== THE TASK ==
Please restate word for word each line from the one containing "5 Kari Circle Candler, NC 28715" to the last line of the records below, and drop the pictures.

== GIVEN INFORMATION ==
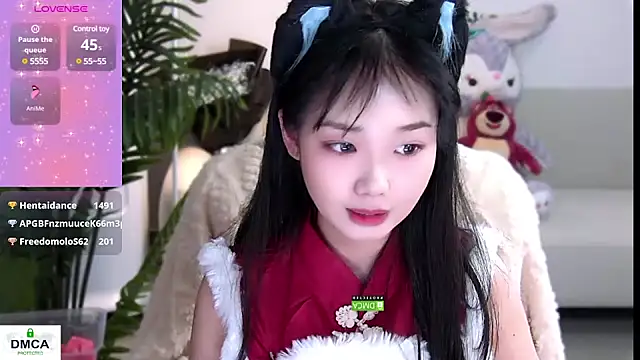 Snapshot of Sheep-1 chatting on 12-31-24, 02:58 Sheep-1 online show from 12-31-24, 02:58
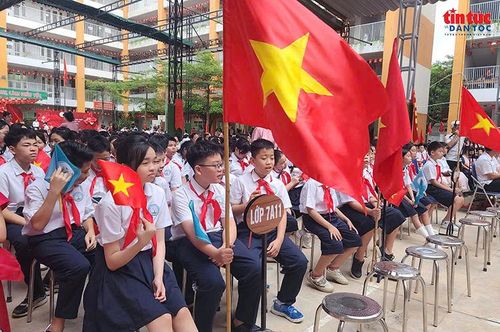Lễ khai giảng tại Trường Tiểu học và THCS Nguyễn Tuân (phường Thanh Xuân, Hà Nội) diễn ra trong không khí đặc biệt với sự tham dự của gần 4.000 học sinh.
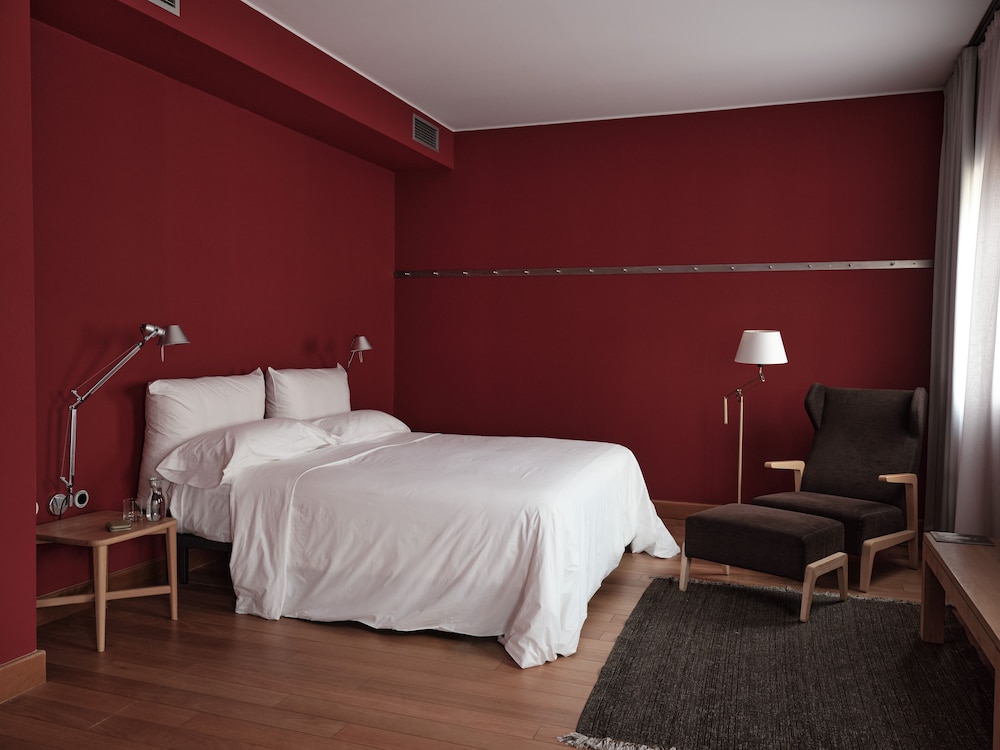 Deluxe Double Room, City View photo 3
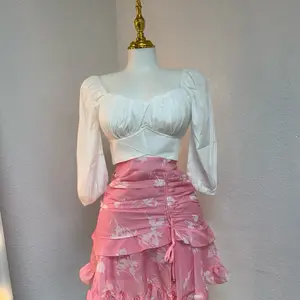 Set de falda rosa y top blanco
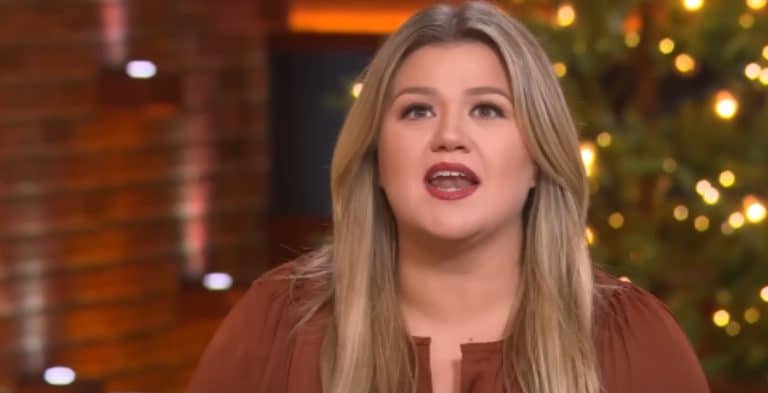 Kelly Clarkson Disappears From Show, Sparks Concern
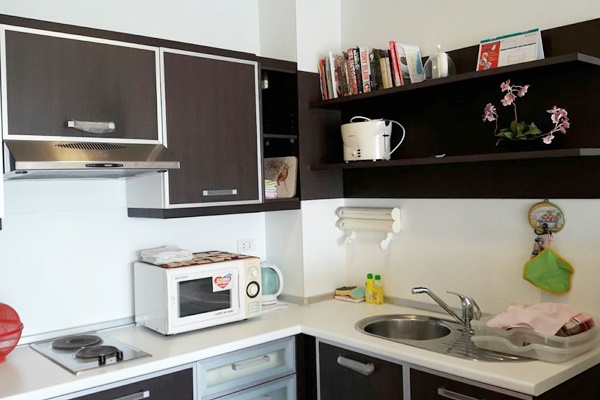 ขายคอนโดชะอำ เพชรบุรี : ขาย คอนโดติดทะเล บ้านเพลินทะเล ชะอํา มีหาดส่วนตัว 99 ตร.ม. 2 ห้องนอน ชั้น 4 ห้องมุม เฟอร์นิเจอร์ครบ พร้อมอยู่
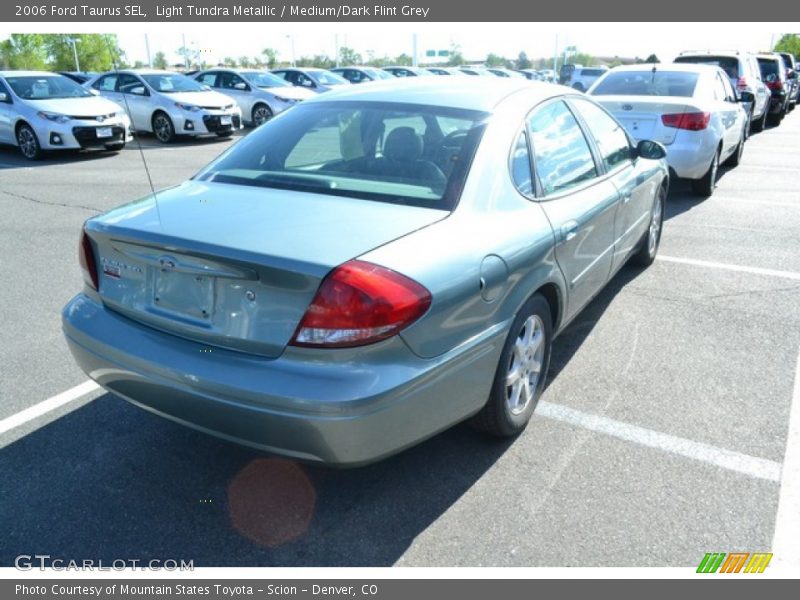 Light Tundra Metallic / Medium/Dark Flint Grey 2006 Ford Taurus SEL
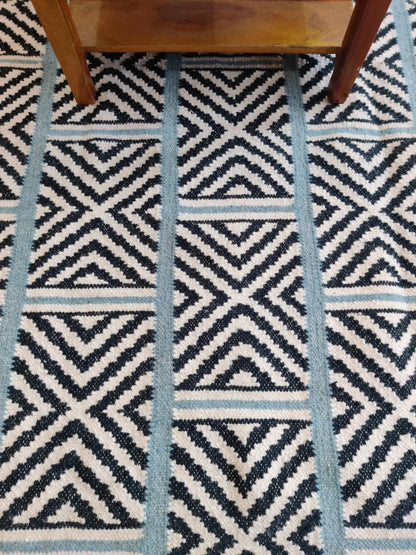 Geometric Diamond Pattern Flatweave Rug , Handwoven Tribal Style wool Dhurrie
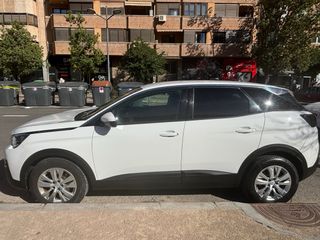 Peugeot 3008 SUV, 2018 con 123k km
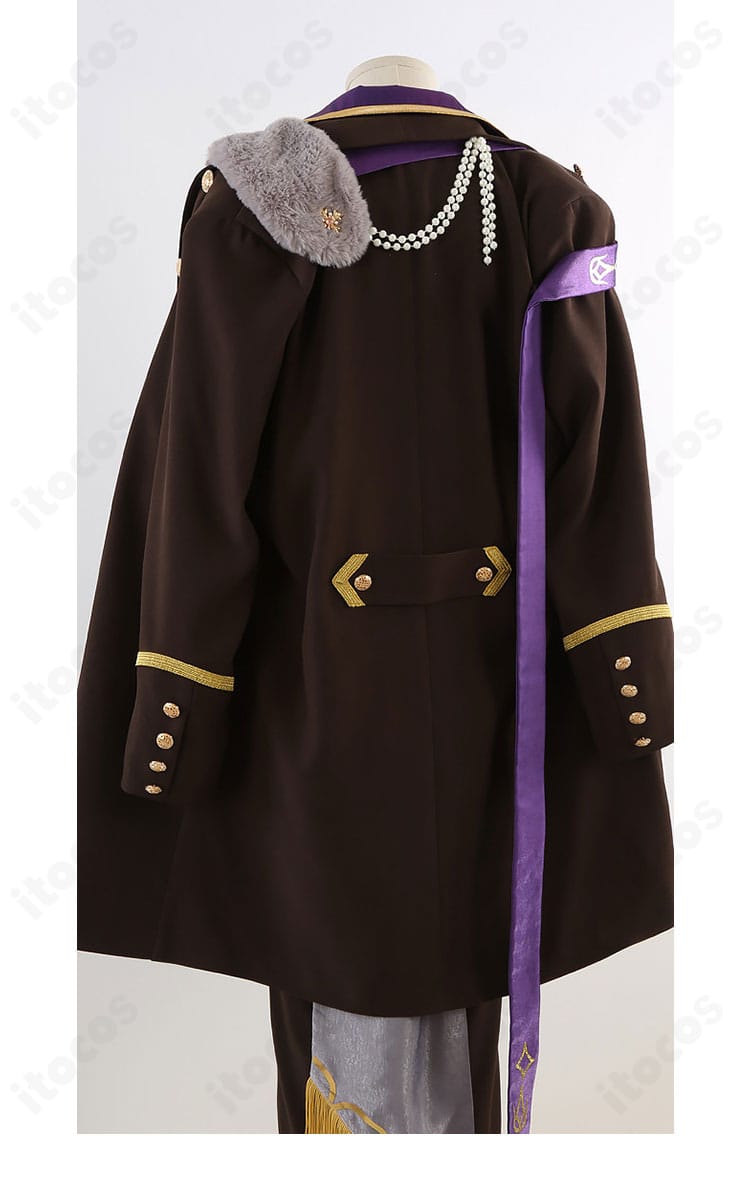 ロイヤルフラッシュ衣装 コート背面の装飾ラインとヨークの作り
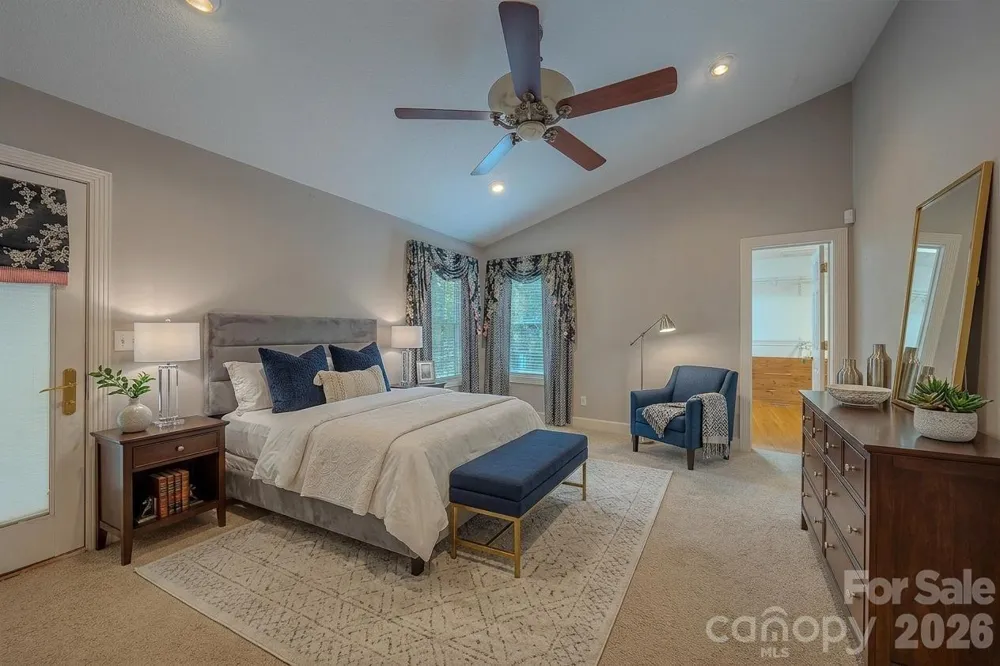 5 Kari Circle Candler, NC 28715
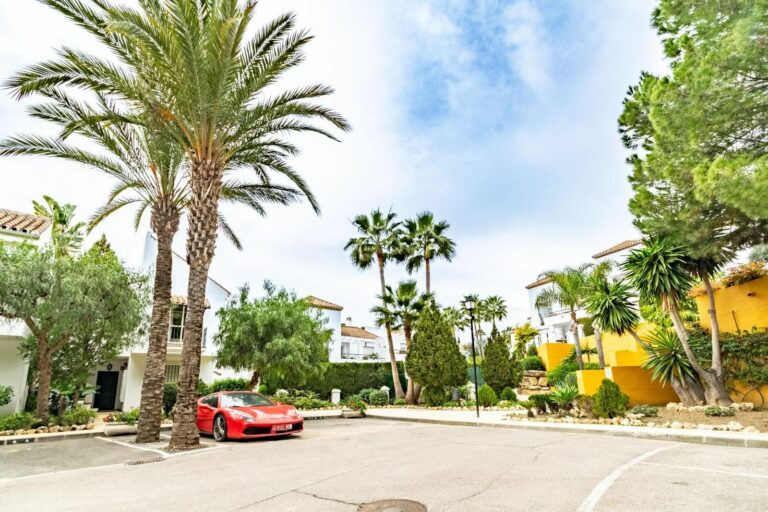 26e94e0aeb2a85d24582470d199e5dd1 - 13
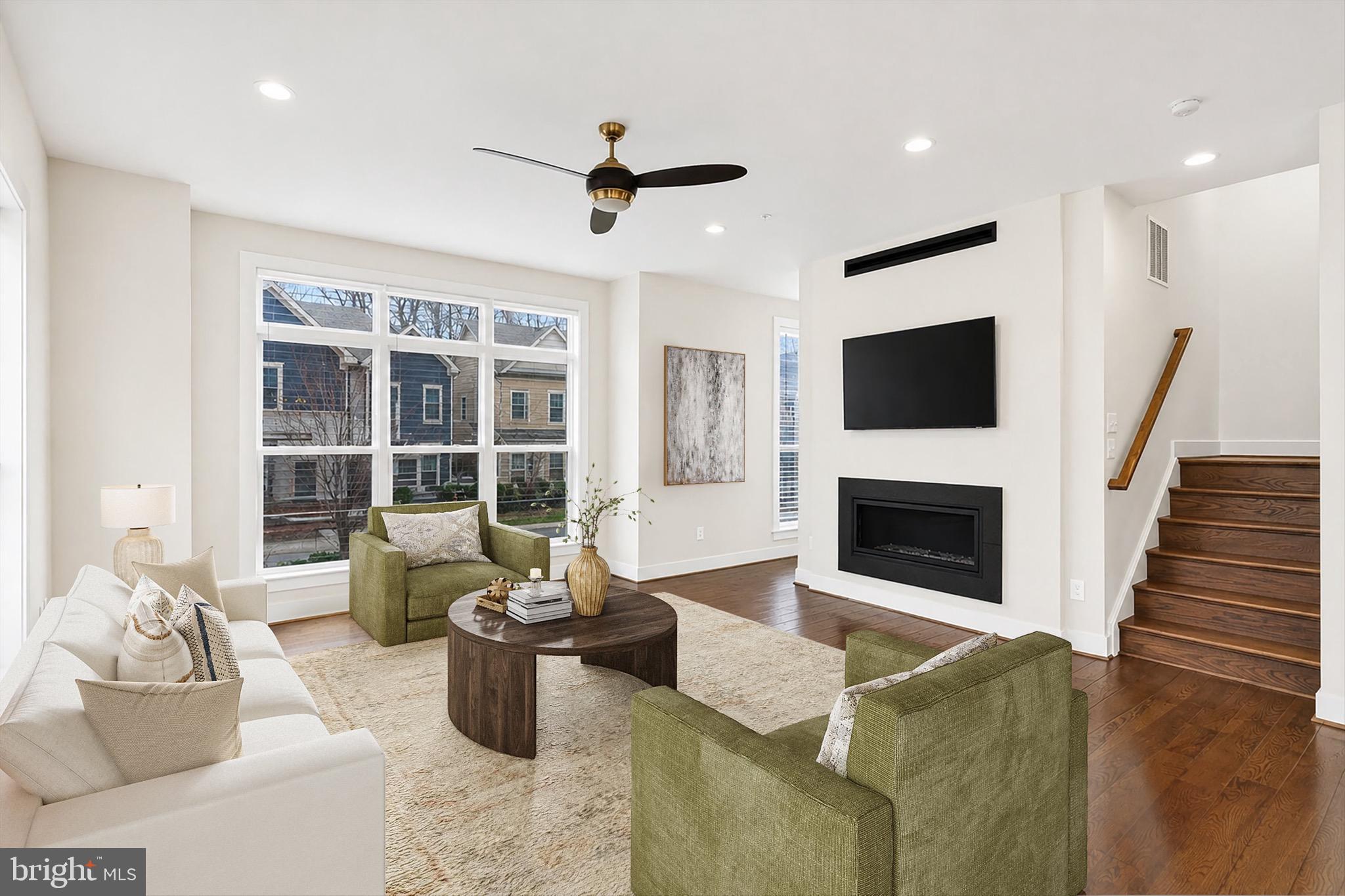 TOWER OAKS - Residential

== SOLUTION FOR THIS PROBLEM ==
 5 Kari Circle Candler, NC 28715
 26e94e0aeb2a85d24582470d199e5dd1 - 13
 TOWER OAKS - Residential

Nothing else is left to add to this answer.